## Task instructions
All lines below between the line with "Характеристики Кухненската Печка" and the line with "Hikvision (DS-2CD1B27G3-LIU) 2MP", including both, must be copied exactly, and the pictures must be omitted.

## Dataset excerpts
Start of Block
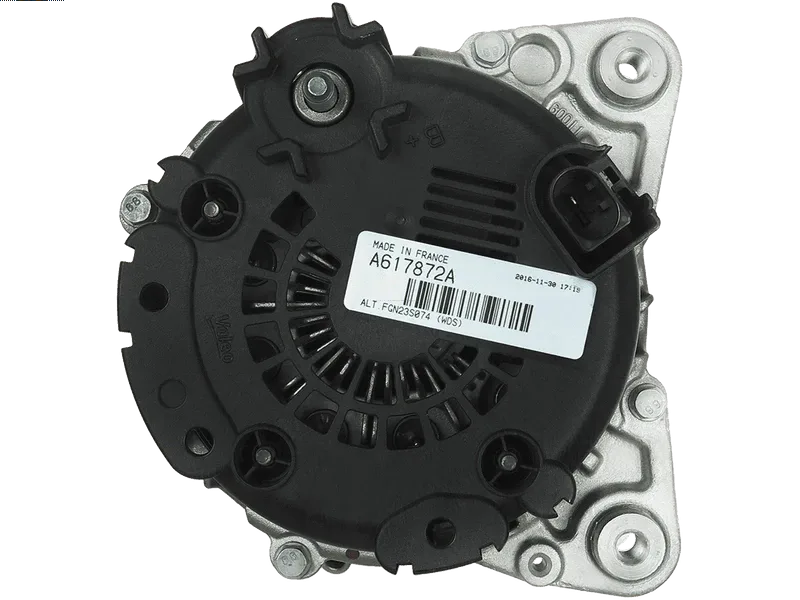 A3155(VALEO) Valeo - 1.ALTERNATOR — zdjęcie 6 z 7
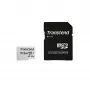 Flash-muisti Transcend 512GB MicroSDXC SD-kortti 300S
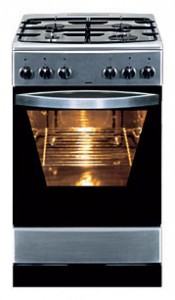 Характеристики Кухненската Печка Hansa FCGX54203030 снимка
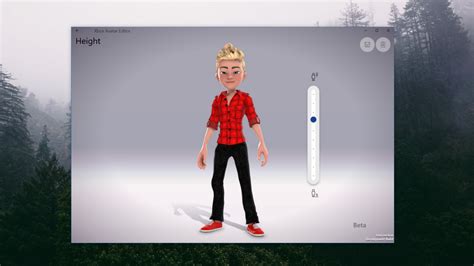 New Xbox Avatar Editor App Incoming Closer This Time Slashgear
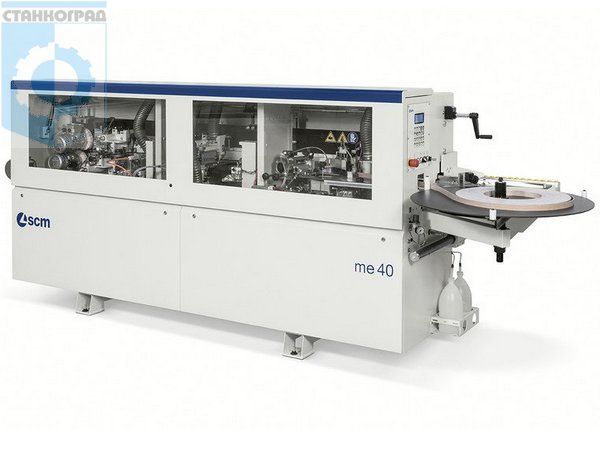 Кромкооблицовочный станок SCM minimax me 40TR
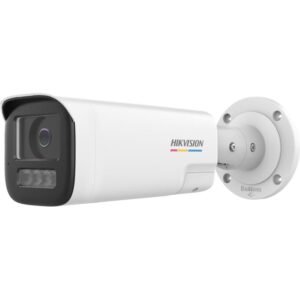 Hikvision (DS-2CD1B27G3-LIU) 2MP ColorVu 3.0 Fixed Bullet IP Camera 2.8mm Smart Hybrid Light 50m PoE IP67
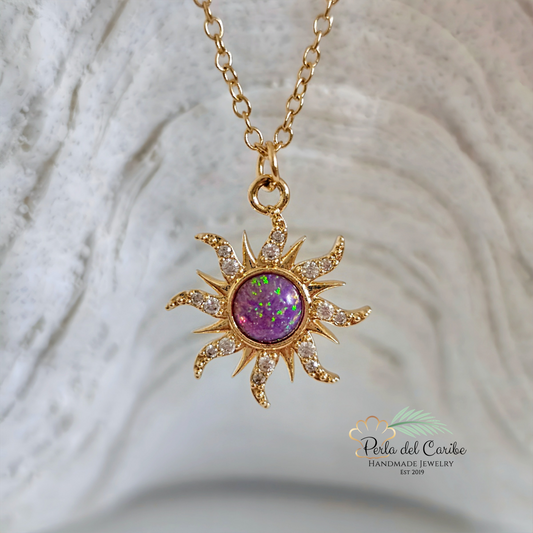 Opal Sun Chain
End of Block
Start of Block
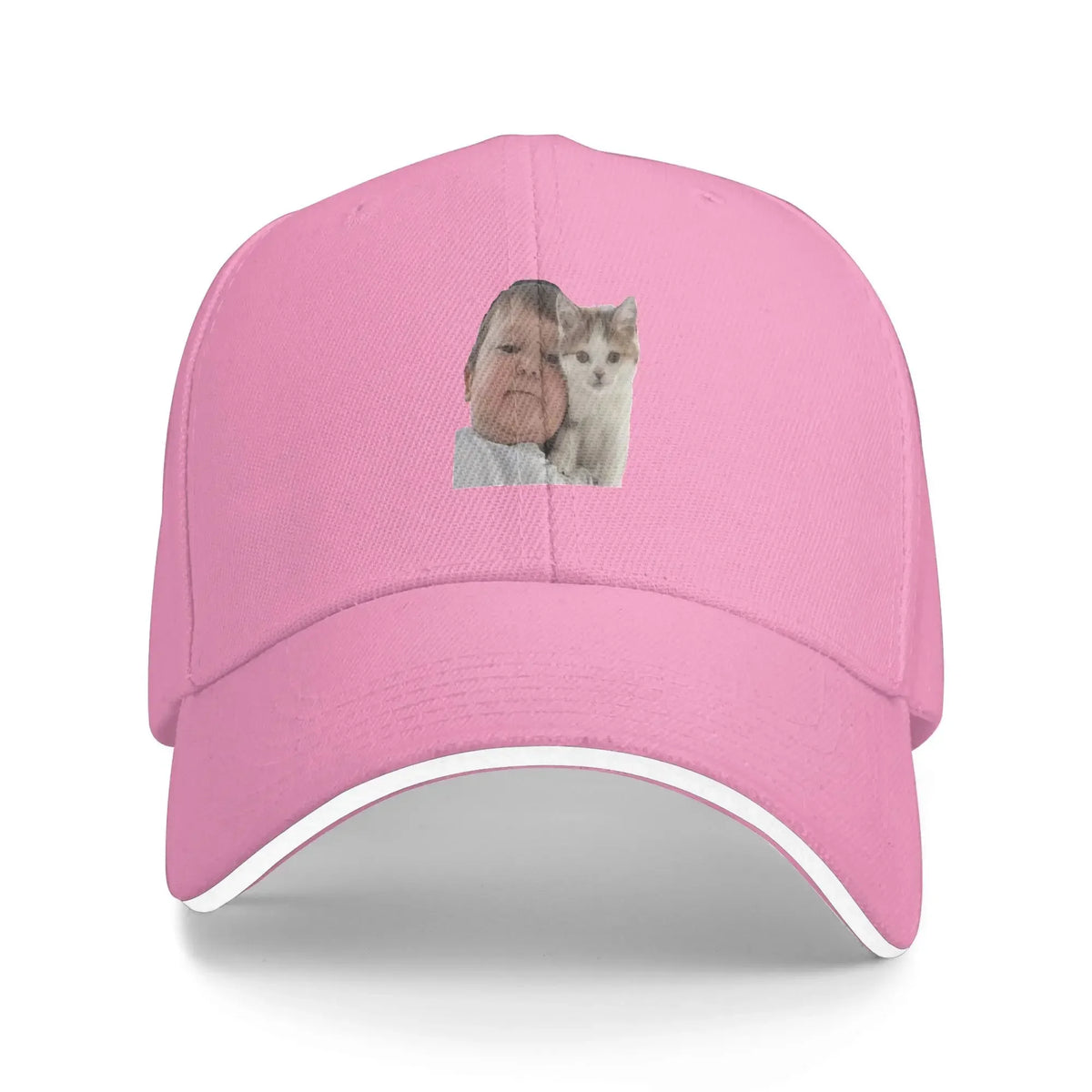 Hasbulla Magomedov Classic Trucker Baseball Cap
End of Block
## The completed task
 Характеристики Кухненската Печка Hansa FCGX54203030 снимка
 New Xbox Avatar Editor App Incoming Closer This Time Slashgear
 Кромкооблицовочный станок SCM minimax me 40TR
 Hikvision (DS-2CD1B27G3-LIU) 2MP ColorVu 3.0 Fixed Bullet IP Camera 2.8mm Smart Hybrid Light 50m PoE IP67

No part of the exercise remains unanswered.